Due to the worsening economy my company has had to go through a 6 month transition process that is nearly over (I hope!). During this time, we have been in a state of suspended animation as we watch our colleagues get fired or leave for better jobs as we wonder whether or not there will even be a spot for us in the ‘new system.’ I used to think that this would feel natural in a normal corporate environment where it is all about the ‘bottom line.’ If this is true, than I think people highly underestimate the value of human equity. That being said, it has been even more bizarre to watch this happen in a Christian non-profit where we are told not to worry about our jobs because “God is in control” and that these tough decisions are made to “bring more help for children.” These are phrases that I believe in fervently, but somehow seem hollow during this time of my life. For the past year I have been completely convinced that World Vision is where I should be for this time of my life. Now I am left wondering: “where to next?” Is this job still for me or is God pushing me elsewhere? I have spent the last month trying to figure out where my passions lie and what makes me come alive.

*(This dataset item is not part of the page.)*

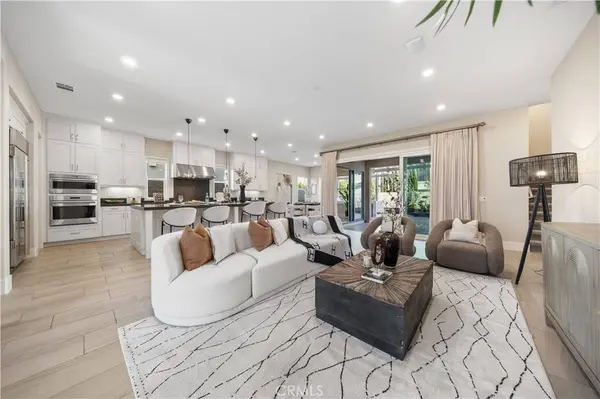 72 Ray, Irvine, CA 92618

As one of my colleagues was leaving, she left a quote for me on my desk:
“I wake up in the morning torn between the desire to save the world and to savor it. It makes it very hard to plan my day.” E.B. White
The quote spoke to me at a very deep level. I have always had a desire to make a difference and to make my mark by helping change things for better. At each attempt, however, I find myself dissatisfied because this savior role takes me away from the world and people that I love so dearly. I have found that people don’t want to be saved they want to be loved. I am lost in this, however, because the way that I love is through my attempts to save.

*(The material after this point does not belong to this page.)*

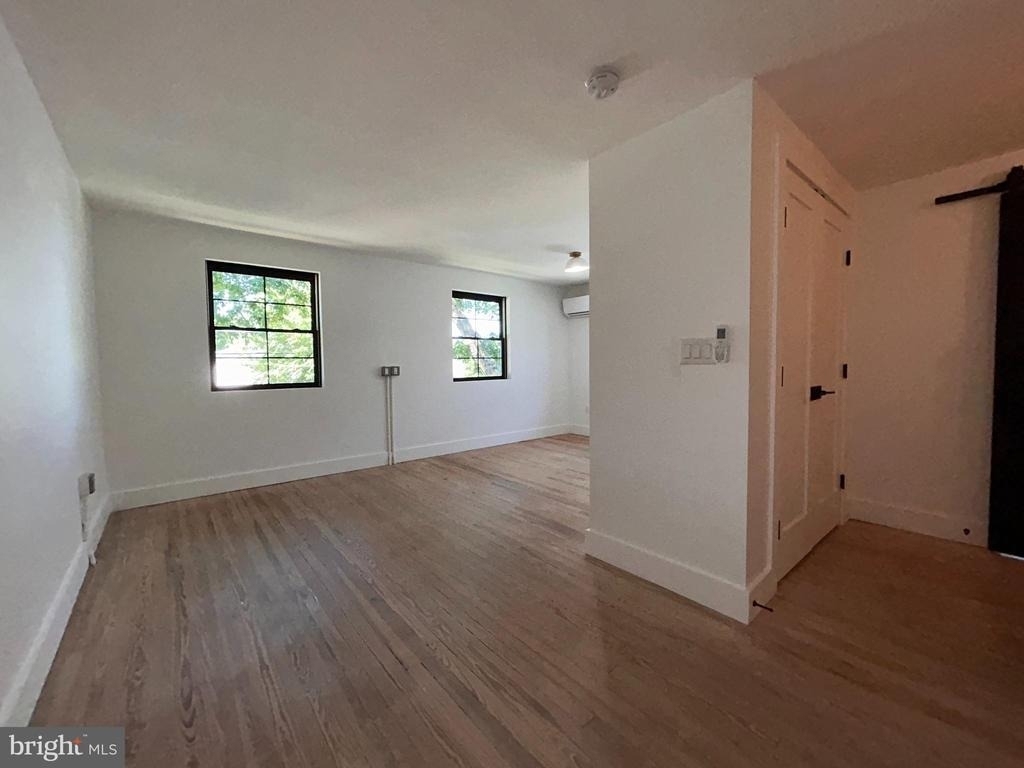 1401 Charles Street - Photo 19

Currently, I am looking into going to law school because I imagine that law can be this all-powerful platform that I hope will enable me to lead men, women, children, churches, institutions and governments to meet the basic requirements of human decency: to aide the poor and defend the vulnerable. How can it be that in today’s modern world there is still slavery? Genocide? Sex-trade? Child soldiers? Terrorism? How can it be that these problems exist not only in third world countries, but inside of the United States?
I have found my passion and my fight, yet I am left wondering: “If I take up this fight, will I lose my opportunity to savor this world and the people inside it?”